I have a Craftsman now. Old enough to have been made by Simpson Tool. I will buy a Rigid when this one dies. Simpson makes it now, I think. I hear:smile: that it's quieter than the Craftsman. I have the muffler which does NOT help.


----------



## WarnerConstInc.

CT-22 but, thats out of your price range.


----------



## rrich

Years ago my Craftsman was almost dead. So I went to spend about $150 and get a "Good" shop vac.

I came home with two Rigid shop vacs. Horsepower? Capacity? It's not important as they are NOT intended to be a dust collection system. They work just fine and do their intended jobs. (One dedicated to the SCMS and the other general clean up.)
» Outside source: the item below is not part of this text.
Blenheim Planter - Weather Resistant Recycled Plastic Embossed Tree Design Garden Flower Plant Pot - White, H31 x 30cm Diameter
One bit of advice. DO NOT, (repeat for emphasis) DO NOT get a model that you can take the motor off and use it as a leaf blower. What happens is that the motor never really seals perfectly and the unit is less than efficient. As the gasket ages, the seal between the tank and motor becomes even less effective. I finally took about a half a tube of painter caulk to make a permanent seal between the tank and motor. Works just fine now. BTW - I never used it as a leaf blower.


----------



## Northerner

rrich said:


> One bit of advice. DO NOT, (repeat for emphasis) DO NOT get a model that you can take the motor off and use it as a leaf blower. What happens is that the motor never really seals perfectly and the unit is less than efficient. As the gasket ages, the seal between the tank and motor becomes even less effective. I finally took about a half a tube of painter caulk to make a permanent seal between the tank and motor. Works just fine now. BTW - I never used it as a leaf blower.



i agree, that has to be the stupidest feature ever made. i have an air
hose for blowing dust and a leaf blower for blowing leafs.


----------